WHAT YOU SHOULD DO: The answer must consist solely of the lines below starting at the one containing "当前无花朵，栽培后可花朵大盆兔莉莉324" and ending at the one containing "White-tailed Tropicbirds, Seychelles", repeated exactly, with both ends included and all pictures omitted.

SUPPLIED RECORDS:
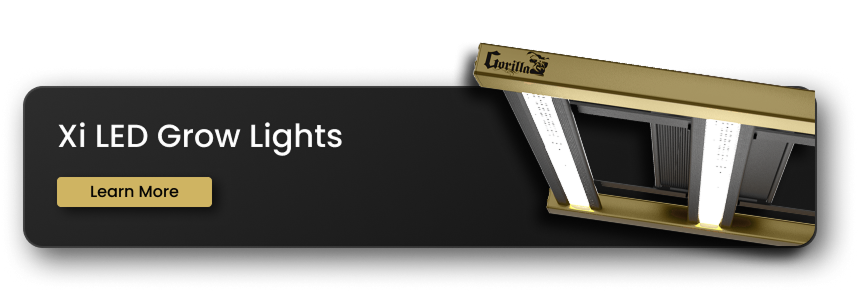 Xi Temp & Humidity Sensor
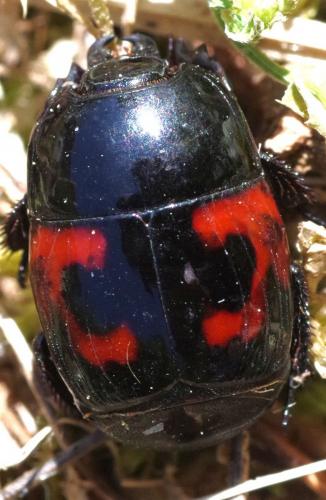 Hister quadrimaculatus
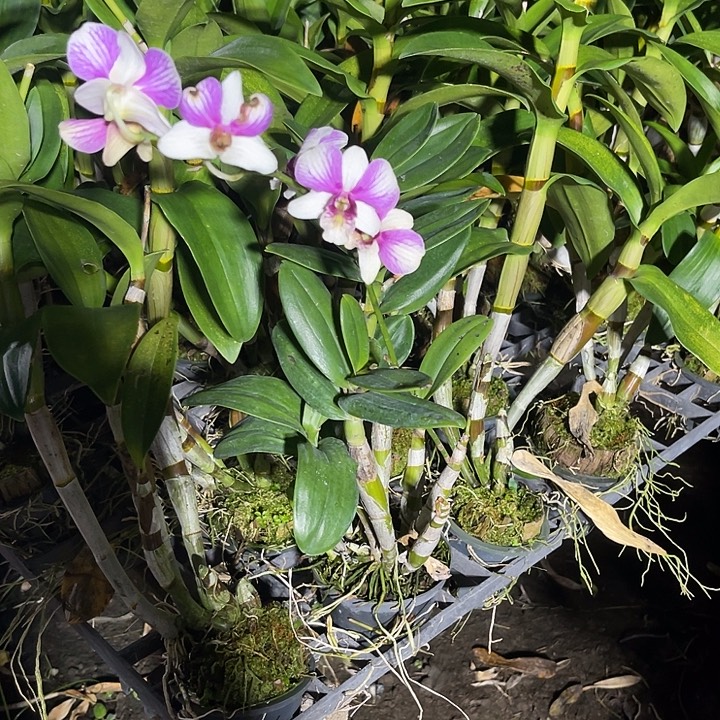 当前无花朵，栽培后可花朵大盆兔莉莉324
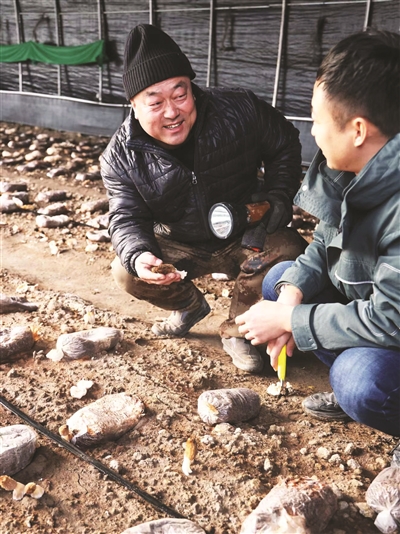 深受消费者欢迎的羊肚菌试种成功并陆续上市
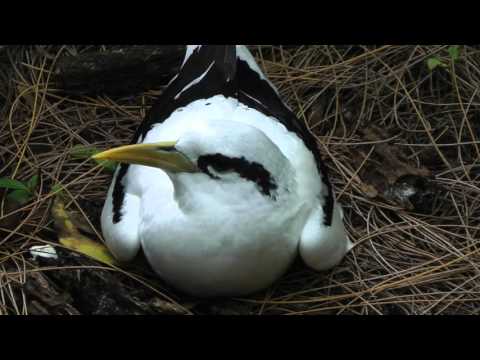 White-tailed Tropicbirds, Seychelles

* * *

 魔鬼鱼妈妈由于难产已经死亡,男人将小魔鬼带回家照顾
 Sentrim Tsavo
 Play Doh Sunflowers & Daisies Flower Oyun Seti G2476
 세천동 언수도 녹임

REPLY TO THE TASK:
 当前无花朵，栽培后可花朵大盆兔莉莉324
 深受消费者欢迎的羊肚菌试种成功并陆续上市
 White-tailed Tropicbirds, Seychelles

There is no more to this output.